Google Just Took Down One Of The Biggest Security Risks To Android Users

Google has taken a huge leap forward in better securing millions of Android phones around the world. The company did so by disrupting what it calls the "largest residential proxy network in the world," a proxy network known as IPIDEA. Google reported in a new blog post that an order issued by a U.S. federal court has taken down dozens of different domains that helped power the IPIDEA backend.

The network, which was previously flagged for letting the malicious Kimwolf botnet use around 2 million of its devices, is believed to have infected millions of devices around the world through the installation of free games, VPN apps, and even desktop software that had the IPIDEA SDKs (software development kits) running within them. It has gained widespread distribution thanks to the efforts of the bad actors behind it, which have touted these shady SDKs as a way for developers to monetize their own applications.
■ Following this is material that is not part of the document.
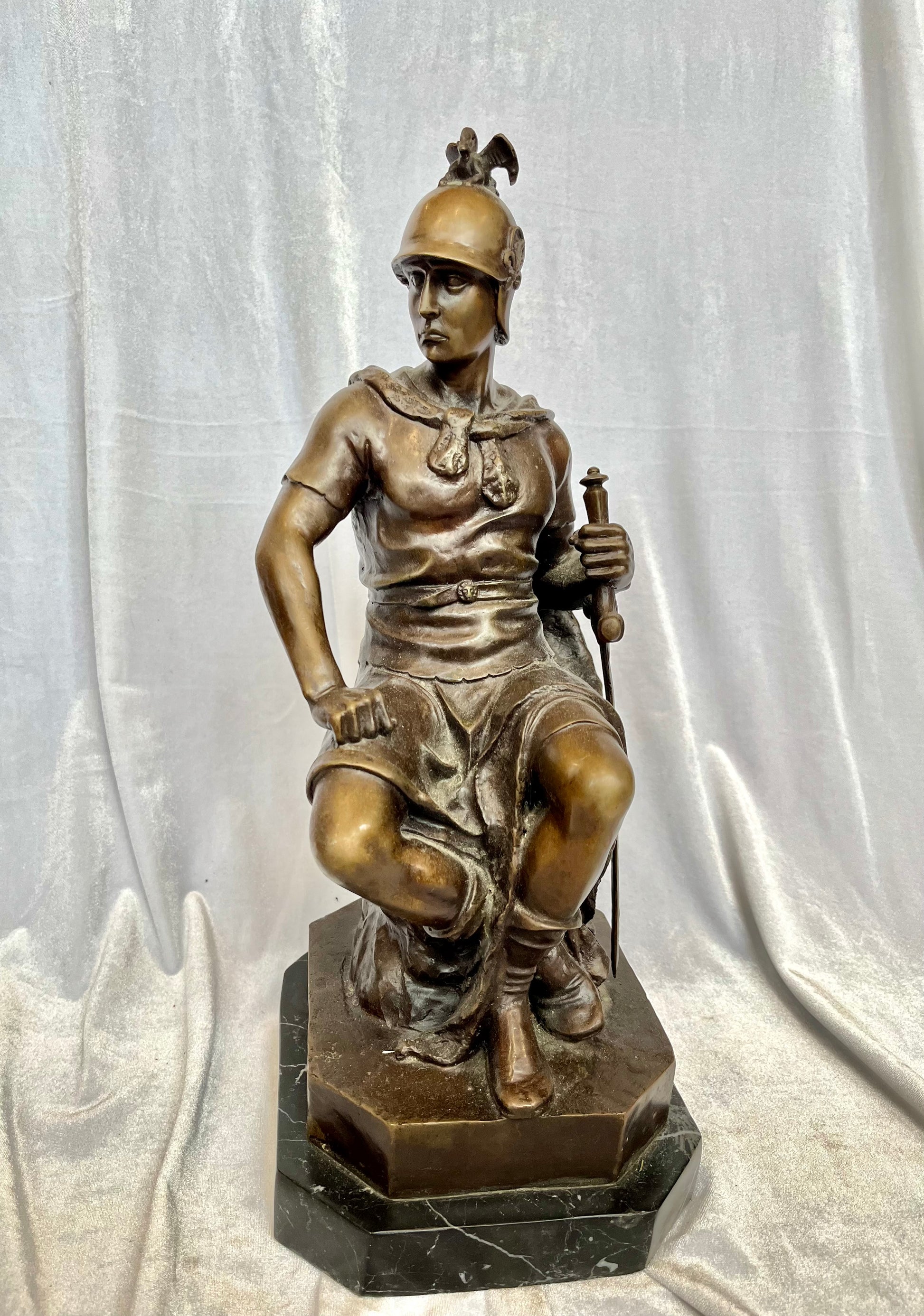Bronze Sculpture of Roman Soldier by Pierre Julien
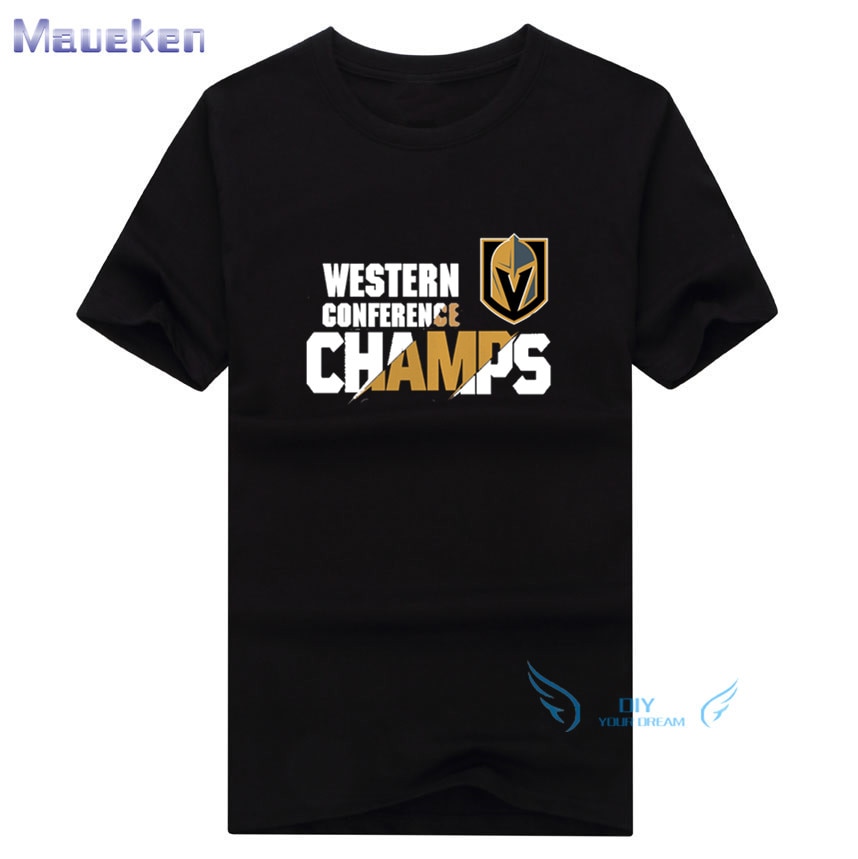 Vegas Golden Knights T-Shirt – Western Conference Champions 2018 ...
These developers are paid based on app installs once the SDK is integrated into the code, which is often enticing for small and mid-size developers.

The entire system builds off of something called a residential network proxy, which essentially allows the bad actors behind the project to utilize any device that the system is installed on as a proxy, which basically means the bad actors could make the internet traffic appear as if it were coming from the infected device instead of their own. The disruption of IPIDEA is huge, as Android's ability to sideload applications can make it easy to install free apps and games that might be infected with the SDK.

While Google is actively taking more measures to fully dismantle the system, the company says that users should continue to be cautious about where they download applications from. As part of the Google Play Store, Google's Play Protect helps protect Androids from these kinds of issues. Google even claims that Play Protect will not let you install any application in which IPIDEA has been detected. As such, one of the easiest ways to protect yourself is to simply not download applications outside of the Play Store. Alternatively, if you prefer side-loading applications, never download apps from unknown sources and take advantage of developers that utilize Google's new app safety standards for third-party applications. 

However, it is important to note that while Google has taken huge strides toward dismantling IPIDEA, the system is not completely dead just yet. Which is why downloading any risky applications is one of the top things to never do on your Android smartphone. Overall, reports even suggest that at least nine million devices have been freed from the IPIDEA network with Google's most recent efforts, which is a huge step in the right direction.

Google says that its analysis of the IPIDEA network found that several independent proxy and VPN brands were controlled by the same people, despite appearing as separate entities. Moreover, they appear to have control of several domains related specifically to software development kits, which is why the network has become pervasive across Android phones and desktops alike. While the battle is far from over, it sounds like Google has taken a nice chunk out of IPIDEA's network, and at least some Android users can rest easy knowing their devices — and thus their privacy — are safer now.